Stored data:
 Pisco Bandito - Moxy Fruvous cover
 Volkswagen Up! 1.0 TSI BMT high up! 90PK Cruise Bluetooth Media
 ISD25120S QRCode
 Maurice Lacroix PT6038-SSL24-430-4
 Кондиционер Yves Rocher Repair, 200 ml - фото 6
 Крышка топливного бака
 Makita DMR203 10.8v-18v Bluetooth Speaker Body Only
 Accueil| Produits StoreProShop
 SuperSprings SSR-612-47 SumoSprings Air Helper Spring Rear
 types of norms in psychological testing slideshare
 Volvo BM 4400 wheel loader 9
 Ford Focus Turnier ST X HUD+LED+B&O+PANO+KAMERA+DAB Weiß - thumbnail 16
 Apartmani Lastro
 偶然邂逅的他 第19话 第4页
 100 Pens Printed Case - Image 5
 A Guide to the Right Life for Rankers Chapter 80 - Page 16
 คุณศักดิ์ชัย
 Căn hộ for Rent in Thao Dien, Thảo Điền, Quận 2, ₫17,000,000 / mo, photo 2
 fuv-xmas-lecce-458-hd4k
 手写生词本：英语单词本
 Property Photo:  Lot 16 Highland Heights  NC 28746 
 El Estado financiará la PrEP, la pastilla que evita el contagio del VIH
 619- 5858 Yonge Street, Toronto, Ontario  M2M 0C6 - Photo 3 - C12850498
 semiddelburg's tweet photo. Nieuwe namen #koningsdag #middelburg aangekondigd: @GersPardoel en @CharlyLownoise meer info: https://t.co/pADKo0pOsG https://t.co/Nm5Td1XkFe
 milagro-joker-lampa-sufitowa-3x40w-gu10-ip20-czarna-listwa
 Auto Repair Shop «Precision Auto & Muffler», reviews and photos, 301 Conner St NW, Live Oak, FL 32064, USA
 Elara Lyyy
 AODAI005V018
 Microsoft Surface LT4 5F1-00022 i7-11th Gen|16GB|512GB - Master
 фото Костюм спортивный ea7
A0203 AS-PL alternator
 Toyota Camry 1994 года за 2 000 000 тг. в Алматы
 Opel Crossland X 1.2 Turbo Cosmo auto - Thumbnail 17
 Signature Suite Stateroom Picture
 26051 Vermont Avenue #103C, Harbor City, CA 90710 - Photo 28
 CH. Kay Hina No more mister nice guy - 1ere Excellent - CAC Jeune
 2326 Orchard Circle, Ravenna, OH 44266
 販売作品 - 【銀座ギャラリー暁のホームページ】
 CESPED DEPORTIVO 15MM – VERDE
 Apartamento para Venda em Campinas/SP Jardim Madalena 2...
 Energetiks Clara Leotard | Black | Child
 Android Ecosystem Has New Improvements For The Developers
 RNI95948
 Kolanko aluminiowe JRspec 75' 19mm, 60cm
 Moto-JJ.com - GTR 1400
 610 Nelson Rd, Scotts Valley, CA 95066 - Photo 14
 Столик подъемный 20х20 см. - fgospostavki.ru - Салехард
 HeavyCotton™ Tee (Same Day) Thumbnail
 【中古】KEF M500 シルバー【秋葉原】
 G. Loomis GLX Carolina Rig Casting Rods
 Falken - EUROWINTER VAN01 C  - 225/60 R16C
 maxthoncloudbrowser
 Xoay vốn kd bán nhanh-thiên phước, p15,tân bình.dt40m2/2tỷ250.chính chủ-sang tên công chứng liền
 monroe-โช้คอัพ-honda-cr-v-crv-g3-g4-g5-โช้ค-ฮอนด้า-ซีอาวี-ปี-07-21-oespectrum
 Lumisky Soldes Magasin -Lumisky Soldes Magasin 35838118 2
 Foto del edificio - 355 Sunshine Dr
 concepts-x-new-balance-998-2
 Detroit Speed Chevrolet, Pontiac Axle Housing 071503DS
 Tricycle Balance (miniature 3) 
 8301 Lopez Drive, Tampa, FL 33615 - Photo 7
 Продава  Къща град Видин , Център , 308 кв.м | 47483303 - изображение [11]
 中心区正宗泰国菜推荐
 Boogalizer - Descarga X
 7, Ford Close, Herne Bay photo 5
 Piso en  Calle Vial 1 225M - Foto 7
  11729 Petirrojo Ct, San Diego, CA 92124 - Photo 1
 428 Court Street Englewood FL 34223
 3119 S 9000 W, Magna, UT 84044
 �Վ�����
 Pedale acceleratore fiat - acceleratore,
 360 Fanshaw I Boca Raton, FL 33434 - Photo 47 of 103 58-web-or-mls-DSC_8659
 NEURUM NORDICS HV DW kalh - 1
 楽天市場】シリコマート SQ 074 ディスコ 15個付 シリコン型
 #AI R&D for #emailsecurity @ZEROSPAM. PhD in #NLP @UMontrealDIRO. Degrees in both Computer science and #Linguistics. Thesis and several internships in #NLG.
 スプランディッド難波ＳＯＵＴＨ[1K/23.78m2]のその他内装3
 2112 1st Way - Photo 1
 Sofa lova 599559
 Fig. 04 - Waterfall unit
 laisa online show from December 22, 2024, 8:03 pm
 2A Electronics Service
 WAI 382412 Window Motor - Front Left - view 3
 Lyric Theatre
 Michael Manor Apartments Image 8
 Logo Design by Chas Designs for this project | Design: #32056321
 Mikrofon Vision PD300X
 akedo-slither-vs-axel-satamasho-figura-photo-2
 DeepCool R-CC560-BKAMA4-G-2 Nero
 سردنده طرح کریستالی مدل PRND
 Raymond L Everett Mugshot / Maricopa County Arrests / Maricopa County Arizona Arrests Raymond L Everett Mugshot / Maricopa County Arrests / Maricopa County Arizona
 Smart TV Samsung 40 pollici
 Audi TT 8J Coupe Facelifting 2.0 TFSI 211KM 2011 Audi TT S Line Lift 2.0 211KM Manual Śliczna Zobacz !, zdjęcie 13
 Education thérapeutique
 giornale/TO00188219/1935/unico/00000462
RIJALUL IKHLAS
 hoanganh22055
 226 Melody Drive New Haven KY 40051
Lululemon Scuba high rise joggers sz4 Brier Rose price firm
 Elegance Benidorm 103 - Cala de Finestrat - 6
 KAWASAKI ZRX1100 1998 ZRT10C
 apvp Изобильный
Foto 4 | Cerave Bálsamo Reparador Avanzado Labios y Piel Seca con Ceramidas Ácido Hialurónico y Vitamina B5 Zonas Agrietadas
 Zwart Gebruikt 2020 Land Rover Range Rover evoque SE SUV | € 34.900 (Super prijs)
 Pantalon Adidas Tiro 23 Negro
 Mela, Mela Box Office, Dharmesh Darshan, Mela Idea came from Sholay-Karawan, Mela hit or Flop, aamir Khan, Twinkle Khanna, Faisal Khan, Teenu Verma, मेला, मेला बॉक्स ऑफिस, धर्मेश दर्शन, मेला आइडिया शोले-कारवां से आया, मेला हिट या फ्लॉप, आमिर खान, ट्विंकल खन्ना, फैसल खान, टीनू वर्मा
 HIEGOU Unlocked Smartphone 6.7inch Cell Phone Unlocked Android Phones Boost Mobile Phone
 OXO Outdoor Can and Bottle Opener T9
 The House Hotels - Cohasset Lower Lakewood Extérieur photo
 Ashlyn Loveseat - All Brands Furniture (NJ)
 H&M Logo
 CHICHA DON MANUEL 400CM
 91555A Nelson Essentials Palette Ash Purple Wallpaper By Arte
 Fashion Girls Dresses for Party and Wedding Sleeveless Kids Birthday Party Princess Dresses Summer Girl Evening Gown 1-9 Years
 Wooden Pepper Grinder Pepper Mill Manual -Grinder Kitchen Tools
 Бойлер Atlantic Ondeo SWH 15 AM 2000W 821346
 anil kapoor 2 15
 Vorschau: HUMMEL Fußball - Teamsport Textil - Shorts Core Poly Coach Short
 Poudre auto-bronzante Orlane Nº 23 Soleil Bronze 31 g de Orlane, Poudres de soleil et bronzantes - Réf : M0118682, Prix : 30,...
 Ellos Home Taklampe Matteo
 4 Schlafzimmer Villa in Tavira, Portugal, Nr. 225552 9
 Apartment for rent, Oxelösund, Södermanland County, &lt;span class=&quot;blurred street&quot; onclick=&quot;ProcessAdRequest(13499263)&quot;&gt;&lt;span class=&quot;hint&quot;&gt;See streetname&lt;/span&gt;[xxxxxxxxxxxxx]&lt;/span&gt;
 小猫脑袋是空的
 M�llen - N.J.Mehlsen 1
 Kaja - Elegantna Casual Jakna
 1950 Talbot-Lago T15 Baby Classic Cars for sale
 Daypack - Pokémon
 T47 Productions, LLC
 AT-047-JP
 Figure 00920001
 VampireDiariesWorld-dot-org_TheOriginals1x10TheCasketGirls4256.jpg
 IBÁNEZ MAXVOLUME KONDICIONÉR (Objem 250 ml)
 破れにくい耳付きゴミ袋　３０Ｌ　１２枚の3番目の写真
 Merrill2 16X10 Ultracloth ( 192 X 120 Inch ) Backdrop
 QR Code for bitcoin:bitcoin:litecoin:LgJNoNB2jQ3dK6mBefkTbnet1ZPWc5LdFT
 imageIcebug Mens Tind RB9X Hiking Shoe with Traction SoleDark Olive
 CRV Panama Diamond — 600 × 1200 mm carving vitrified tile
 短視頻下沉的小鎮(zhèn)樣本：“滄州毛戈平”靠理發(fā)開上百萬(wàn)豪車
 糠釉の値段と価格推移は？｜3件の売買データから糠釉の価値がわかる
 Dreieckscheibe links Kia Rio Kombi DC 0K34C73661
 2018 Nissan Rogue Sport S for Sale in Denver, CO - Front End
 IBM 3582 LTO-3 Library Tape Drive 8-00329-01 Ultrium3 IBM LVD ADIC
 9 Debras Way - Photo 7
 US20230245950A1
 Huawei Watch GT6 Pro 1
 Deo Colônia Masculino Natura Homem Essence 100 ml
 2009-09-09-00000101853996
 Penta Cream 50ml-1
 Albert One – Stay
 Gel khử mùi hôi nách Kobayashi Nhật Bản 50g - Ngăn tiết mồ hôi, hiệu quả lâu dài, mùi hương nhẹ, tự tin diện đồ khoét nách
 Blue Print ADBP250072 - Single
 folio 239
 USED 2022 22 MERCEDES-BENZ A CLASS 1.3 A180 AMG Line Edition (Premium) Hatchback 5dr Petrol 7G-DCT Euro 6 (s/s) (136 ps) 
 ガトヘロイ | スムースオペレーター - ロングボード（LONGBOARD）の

» **Task goal**
Find "Apartamento para Venda" in the entries above and copy that whole line exactly, then each line after it through the line that contains "G. Loomis GLX Carolina Rig Casting Rods".

» **Task answer**
 Apartamento para Venda em Campinas/SP Jardim Madalena 2...
 Energetiks Clara Leotard | Black | Child
 Android Ecosystem Has New Improvements For The Developers
 RNI95948
 Kolanko aluminiowe JRspec 75' 19mm, 60cm
 Moto-JJ.com - GTR 1400
 610 Nelson Rd, Scotts Valley, CA 95066 - Photo 14
 Столик подъемный 20х20 см. - fgospostavki.ru - Салехард
 HeavyCotton™ Tee (Same Day) Thumbnail
 【中古】KEF M500 シルバー【秋葉原】
 G. Loomis GLX Carolina Rig Casting Rods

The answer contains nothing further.